Fancy electric high-tech toilets, which the Japanese call super toilets, can be found in more than 72 percent of Japanese households. At minimum they include a bidet feature and often a seat warmer.
High-tech features vary, but most of the toilets use electricity to provide warming, automation and bidet functions.
The Kohler Numi’s squarish, angled shape, subtle buttons and strange automatic lid make it look like it's anything but a toilet.
It has a motion-activated lid that automatically opens when anyone stands in front of it and what Kohler calls “advanced bidet functionality,” which is an integrated air dryer.

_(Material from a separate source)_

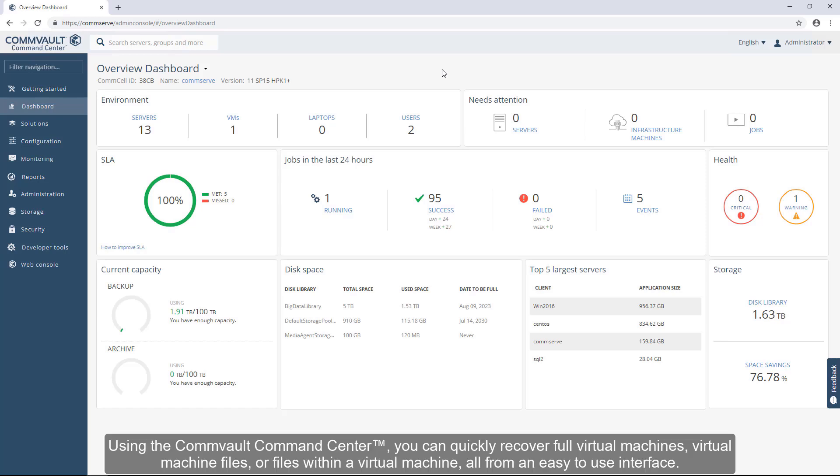Using the Commvault Command Center, you can quickly recover full virtual machines, virtual machine files, or files within a virtual machine, all from an easy-to-use interface.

The appliance, however, goes beyond the normal functions of a toilet and adds atmosphere. It has a heated seat and even a subtle air vent that warms the floor in front of the fixture.
It even has an atmosphere light and a music player. A touch-panel remote, which attaches to the toilet with a magnetic docking station, lets you customize all the settings.
The leading super toilet maker in Japan is a company called Toto. And if you’ve ever visited a nice hotel in Japan with a Toto toilet, you know you’re not in Kansas anymore.
Toto’s most advanced toilets are sold only in Japan, with controls labeled only in Japanese. The most advanced Toto toilet you can buy in the United States is the Washlet S300.
It has a heated seat, a remote-controlled bidet feature with air drying and the option of an oscillating bidet stream of water.
Roca W+W, which stands for "washbasin plus water closet," uses advanced technology to help the environment.
The water appliance saves, filters and chemically treats the sink water you use to wash your hands and brush your teeth, then reuses that water for flushing the toilet.
The net effect is that you use the same amount of water in the sink but zero extra water for the toilet.
To be fair, you don't often think of the words toilet and innovation together.